Sappho was a Greek poet born sometime around 612 BC. While not much is known for certain about her life, among poets her reputation is as large as the remaining fragments of her poetry are small. One thing I can state categorically about her is that she was born on the tiny island of Lesbos.
Sappho lived in a time of great political strife (has there ever been a time in human history where there hasn’t been ‘great political strife’?) and as a result of something she said? she wrote? (we cannot know for certain) she was exiled in Sicily. It is assumed that she was eventually allowed to return to Lesbos where she spent her final days.
I’m thinking of Sappho approximately 2,600 years after her death because I am reading about the plight of the most recent refugees to make the headlines, and the fact that 10,000 refugees in one week have washed up on the shores of Sappho’s birthplace. And thousands more are expected to arrive.
I’ll come back to this in a second; for now, I’d like to say that yesterday the news reported that there are approximately 60 million refugees in the world; that because of the news and the photographs and the numbers, my feelings of powerlessness increase; and that whatever I can do feels like a drop in one of 60 million buckets. Powerlessness can be paralyzing. But I do not want this feeling of paralysis to stop me from doing anything at all.
After reading and feeling all of these things, and then asking myself—as someone who lives thousands of miles away from the people washing up on various Mediterranean shores, or those riding on the top of South-American trains, or those walking across European fields that may be pockmarked with landmines, or those who are walking across the Sahara Desert, or those who walk and walk and walk and are then stopped from finishing their journeys with tear gas, or razor wire, or newly-constructed walls—as a writer, what can I do to help?
I read and I read and I search and I search and I look for a way that might free me from this feeling of powerlessness into something that I can put to good use. And in my research, I stumbled upon a small article, not written by a journalist, but by a “farmer’s wife with a happy mess of 6 kids, a crazy camera & a bunch of books that landed on the NYTimes bestsellers lists.”
The bit that spoke to me was a segment about a post-office on the tiny island of Lesbos where refugees wash up daily on the shore. Yes, in the birthplace of one of our poetry ancestors, there is a small post-office that will accept what you send, and there are people there, waiting to distribute your donation.
Imagine this: You pack a box of things, you mail it to an island in the Mediterranean, and your donation is put directly in the hands of someone who desperately needs it. To me, this feels like one step away from putting what I send in the hands of a refugee myself.
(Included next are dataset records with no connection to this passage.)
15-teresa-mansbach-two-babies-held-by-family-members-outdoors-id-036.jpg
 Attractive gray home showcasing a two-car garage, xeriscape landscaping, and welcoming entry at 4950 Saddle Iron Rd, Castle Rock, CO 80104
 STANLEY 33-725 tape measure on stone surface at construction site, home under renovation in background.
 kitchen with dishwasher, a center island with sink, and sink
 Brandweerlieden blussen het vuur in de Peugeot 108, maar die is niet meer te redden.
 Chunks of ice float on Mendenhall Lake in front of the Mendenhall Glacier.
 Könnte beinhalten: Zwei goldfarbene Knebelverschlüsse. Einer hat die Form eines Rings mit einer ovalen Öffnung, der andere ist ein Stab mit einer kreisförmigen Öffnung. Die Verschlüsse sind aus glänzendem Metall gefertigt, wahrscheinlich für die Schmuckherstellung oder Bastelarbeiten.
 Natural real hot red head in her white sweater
Yes, this is still just a drop in a vast ocean of political turmoil and human loss, but it is also a gesture of help that will have an immediate and positive effect for the person who receives it.
As writers, we look for ways into our work all the time, and in doing so we are just as likely—actually, probably more than likely—to enter the work through a window rather than the front door; and this is what this blogpost has been for me—finding my window; my way out of a sense of powerless, my way into how to put words in the service of those that need it, but don’t have the resources to do it for themselves.
What is your window?
How will you write yourself out of a feeling of political powerlessness and into a way to use your words in service of those who need it?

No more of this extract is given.